When we think of parenting styles, we often hear about the two extremes: the permissive and the authoritative. However, another dichotomy is just as important to consider: supportive vs. pressure parenting.
Supportive parents aim to nurture their children's natural strengths, encourage them to be independent, and provide emotional support. On the other hand, pressure parents may have high expectations for their children but may also be more focused on achievement and control.
Signs that Distinguish Pressure Parenting from Supportive Parenting Styles
Supportive Parenting Style
You give praise and positive feedback frequently
You help your child learn from mistakes and set achievable goals
You encourage them to find their interests and passions
You provide emotional support and positive reinforcement when they're struggling
You allow your child to make their own decisions and help them make informed decisions
Pressure parenting style
You push your child to achieve academic, athletic, and extracurricular excellence
You place a lot of emphasis on your child's achievements and accomplishments
You may criticize your child's performance frequently and may set unrealistic expectations
You structure your child's time, chores, and activities tightly
You may use threats or punishments to motivate your child
Benefits of Supportive Parenting Over Pressure Parenting:
Self-worth: One of the key differences between supportive and pressure parenting is how they affect a child's self-worth.
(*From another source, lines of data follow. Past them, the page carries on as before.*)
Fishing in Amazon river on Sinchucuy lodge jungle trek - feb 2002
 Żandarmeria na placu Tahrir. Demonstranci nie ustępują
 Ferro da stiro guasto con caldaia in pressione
Supportive parents are more likely to foster a healthy sense of self-esteem by emphasizing their child's strengths, providing praise and recognition, and creating an environment where the child feels valued and loved, even when they make mistakes. On the other hand, pressure parenting can lead to a child feeling like they are only as good as their performance. For example, a pressure parent may praise their child for getting straight A's, but ignore their efforts in other areas, leading the child to feel like they are only valuable when they achieve academic success.
Self-awareness: Supportive parents are also more likely to help their child develop self-awareness, an increasingly important skill today. By allowing the child to explore their interests, emotions, and values, supportive parents can help their child gain a deeper understanding of who they are and what they want. In contrast, pressure parents may encourage their child to pursue certain activities or goals based on their own agenda without considering their child's individual needs and desires.
Motivations: When it comes to motivation, supportive parenting is associated with intrinsic motivation, or the drive to pursue activities for their own sake, while pressure parenting is more closely tied to extrinsic motivation, or the drive to pursue activities for external rewards or recognition. Research has shown that intrinsic motivation is associated with greater creativity and innovation, as well as greater well-being, while extrinsic motivation can be more fragile and may lead to burnout. Supportive parents may help their child develop intrinsic motivation by encouraging them to pursue activities they enjoy rather than focusing solely on achievements or outcomes.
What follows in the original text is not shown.